====== Records supplied ======

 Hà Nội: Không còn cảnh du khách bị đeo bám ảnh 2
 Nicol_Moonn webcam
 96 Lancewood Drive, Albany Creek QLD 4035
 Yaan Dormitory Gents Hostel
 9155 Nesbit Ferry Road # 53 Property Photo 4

======
====== Records supplied ======

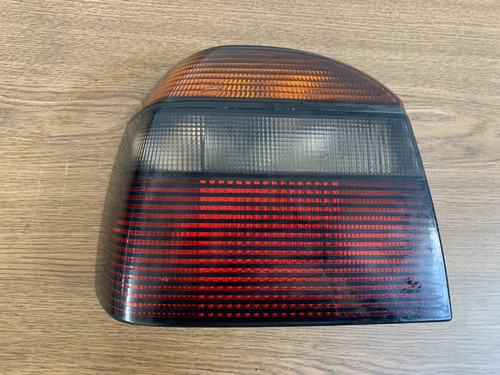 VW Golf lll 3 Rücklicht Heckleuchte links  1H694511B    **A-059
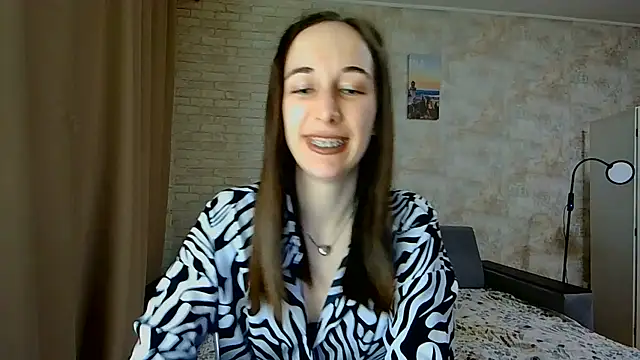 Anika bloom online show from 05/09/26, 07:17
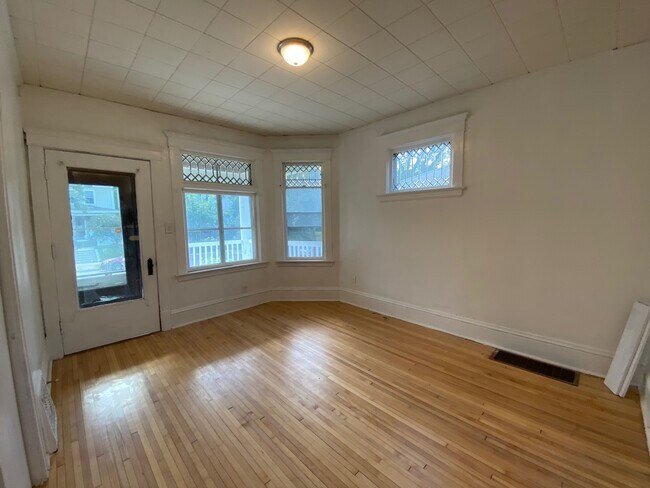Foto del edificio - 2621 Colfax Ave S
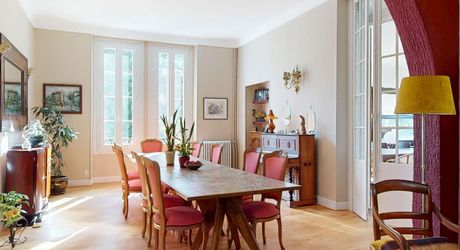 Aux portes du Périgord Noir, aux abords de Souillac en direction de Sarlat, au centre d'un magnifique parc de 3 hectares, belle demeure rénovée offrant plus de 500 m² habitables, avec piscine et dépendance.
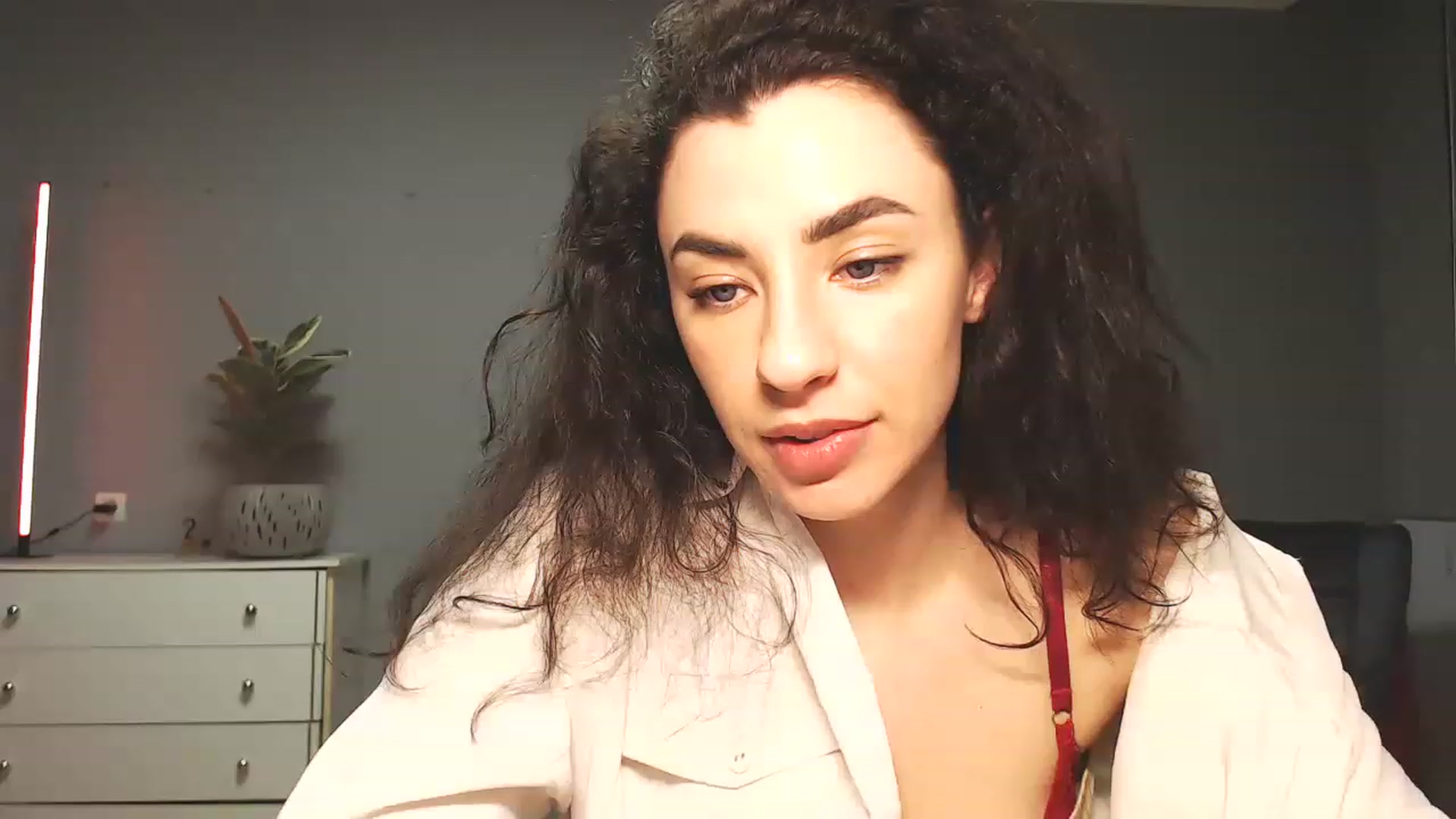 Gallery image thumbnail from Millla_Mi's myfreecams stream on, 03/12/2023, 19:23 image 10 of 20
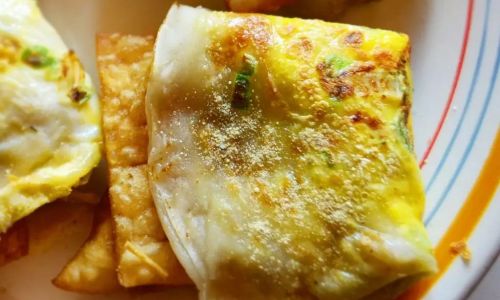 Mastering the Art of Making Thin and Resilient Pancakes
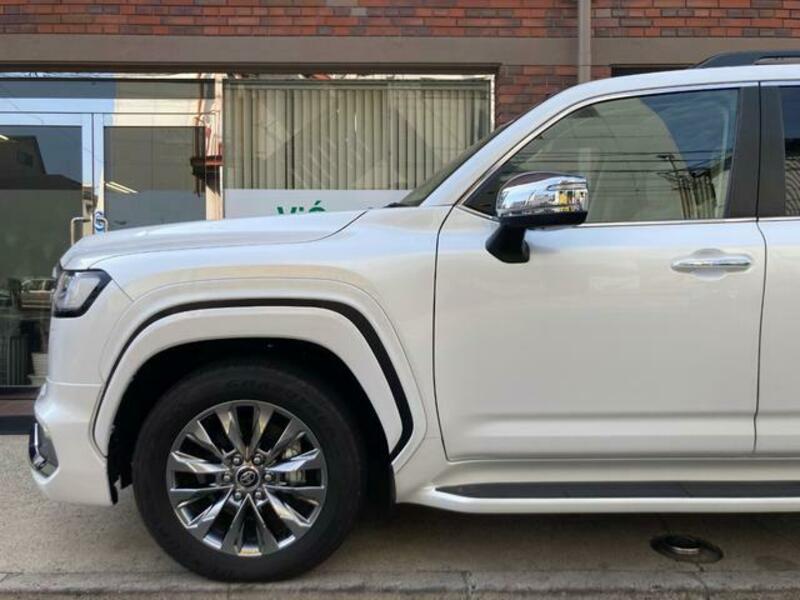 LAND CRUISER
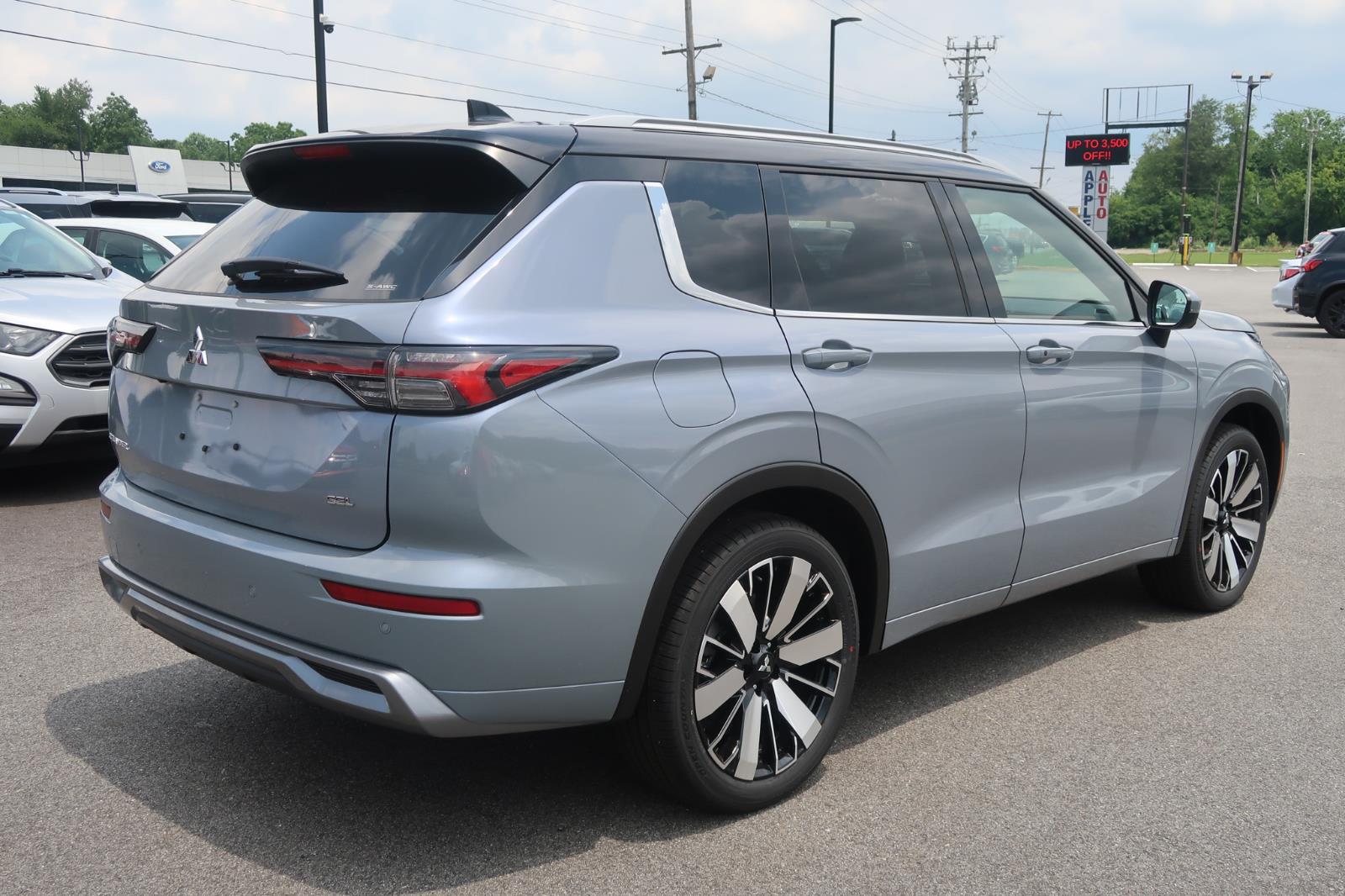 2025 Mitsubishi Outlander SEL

======

Using the entries above, extract exactly the lines from the one that contains "Aux portes du" through the one that contains "2025 Mitsubishi Outlander SEL". Do not carry over any pictures.

 Aux portes du Périgord Noir, aux abords de Souillac en direction de Sarlat, au centre d'un magnifique parc de 3 hectares, belle demeure rénovée offrant plus de 500 m² habitables, avec piscine et dépendance.
 Gallery image thumbnail from Millla_Mi's myfreecams stream on, 03/12/2023, 19:23 image 10 of 20
 Mastering the Art of Making Thin and Resilient Pancakes
 LAND CRUISER
 2025 Mitsubishi Outlander SEL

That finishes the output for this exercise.